» **WHAT IS NEEDED**: Write out, please, each line from the one containing "Radiant Sweetheart Embroidered" to the final line of the data, both included, exactly and without pictures.

Captioned web image data
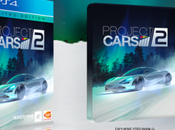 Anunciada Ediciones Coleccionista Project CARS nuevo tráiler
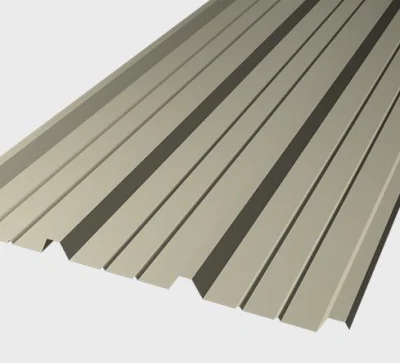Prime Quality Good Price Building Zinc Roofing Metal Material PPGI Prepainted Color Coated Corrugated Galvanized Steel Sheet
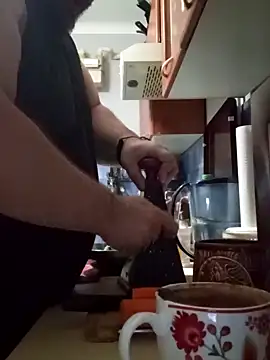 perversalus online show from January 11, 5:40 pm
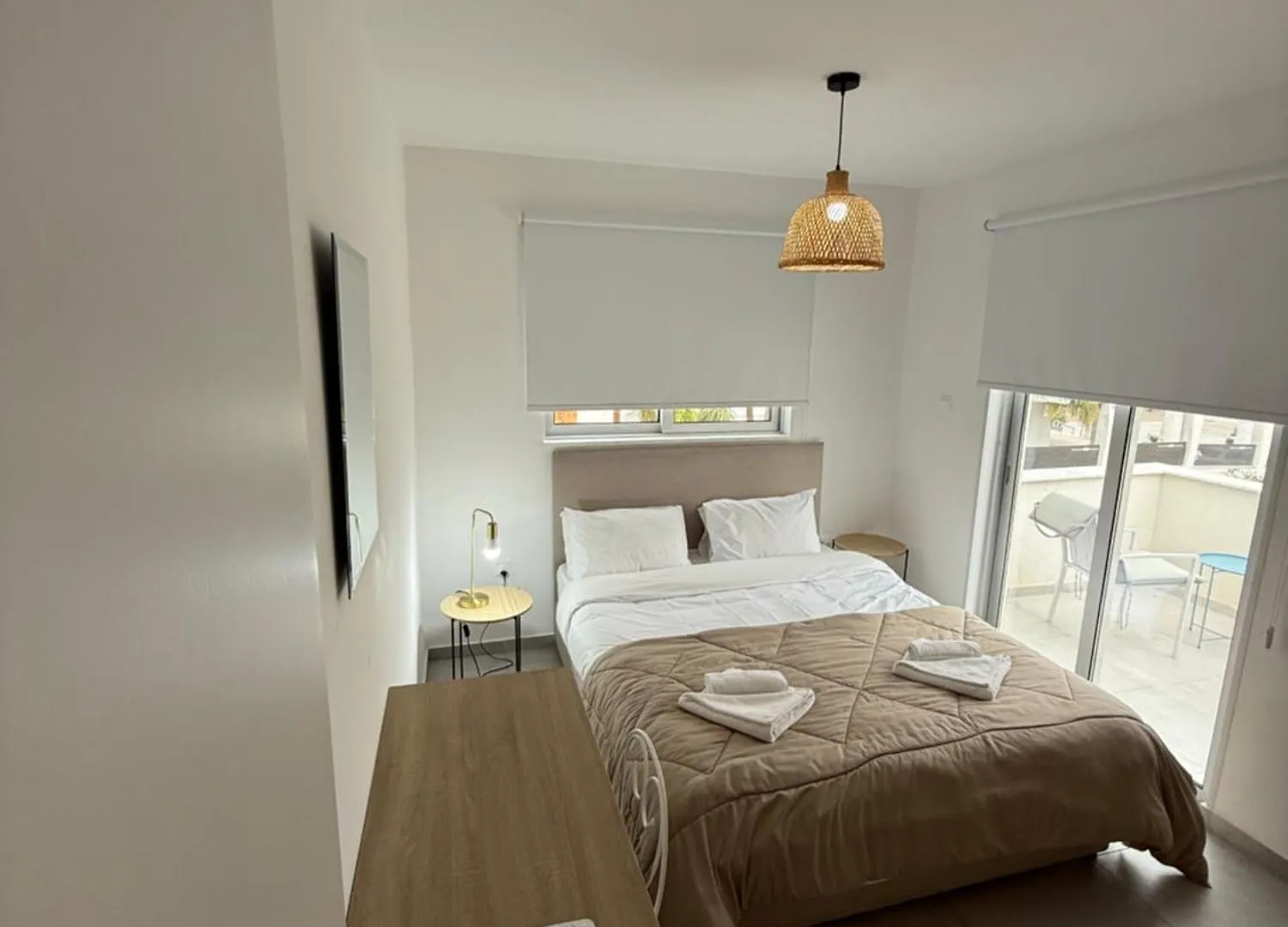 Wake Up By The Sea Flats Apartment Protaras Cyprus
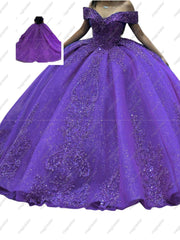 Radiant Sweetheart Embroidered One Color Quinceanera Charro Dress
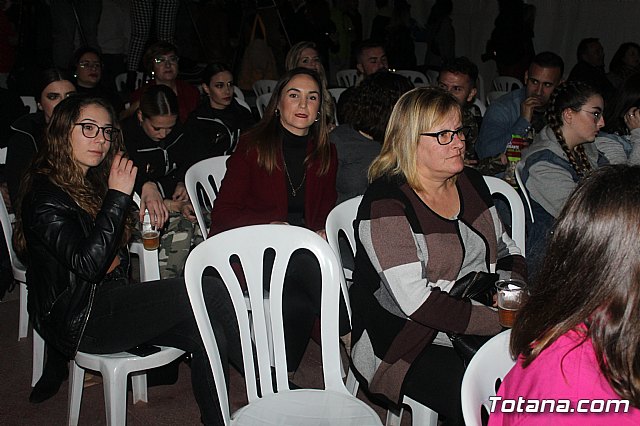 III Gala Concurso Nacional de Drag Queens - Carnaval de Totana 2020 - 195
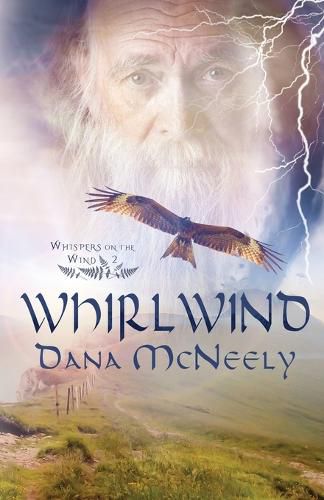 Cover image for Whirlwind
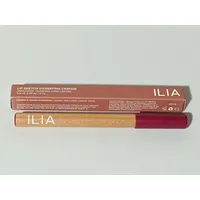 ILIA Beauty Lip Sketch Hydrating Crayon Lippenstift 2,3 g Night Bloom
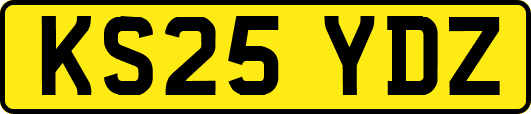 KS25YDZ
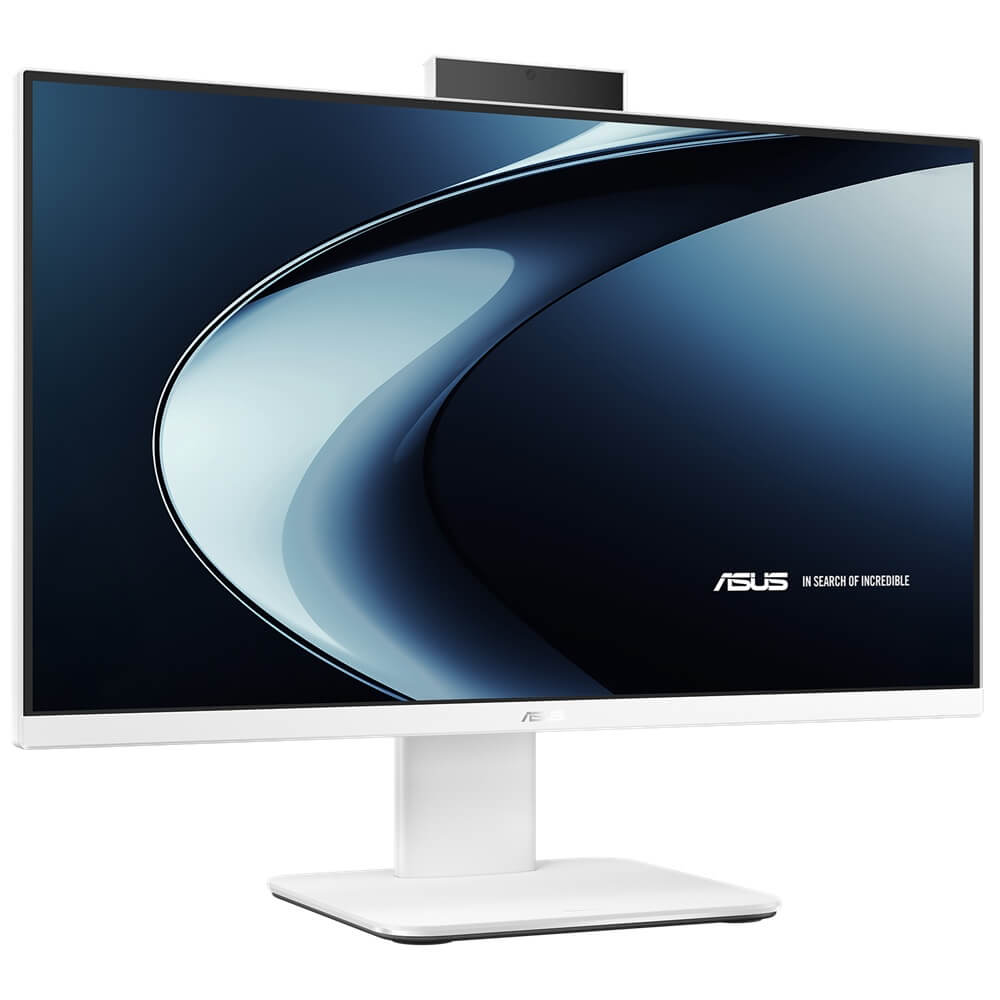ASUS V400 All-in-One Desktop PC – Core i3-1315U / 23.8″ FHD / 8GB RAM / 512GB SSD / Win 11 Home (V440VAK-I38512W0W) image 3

» **THE ANSWER**:
 Radiant Sweetheart Embroidered One Color Quinceanera Charro Dress
 III Gala Concurso Nacional de Drag Queens - Carnaval de Totana 2020 - 195
 Cover image for Whirlwind
 ILIA Beauty Lip Sketch Hydrating Crayon Lippenstift 2,3 g Night Bloom
 KS25YDZ
ASUS V400 All-in-One Desktop PC – Core i3-1315U / 23.8″ FHD / 8GB RAM / 512GB SSD / Win 11 Home (V440VAK-I38512W0W) image 3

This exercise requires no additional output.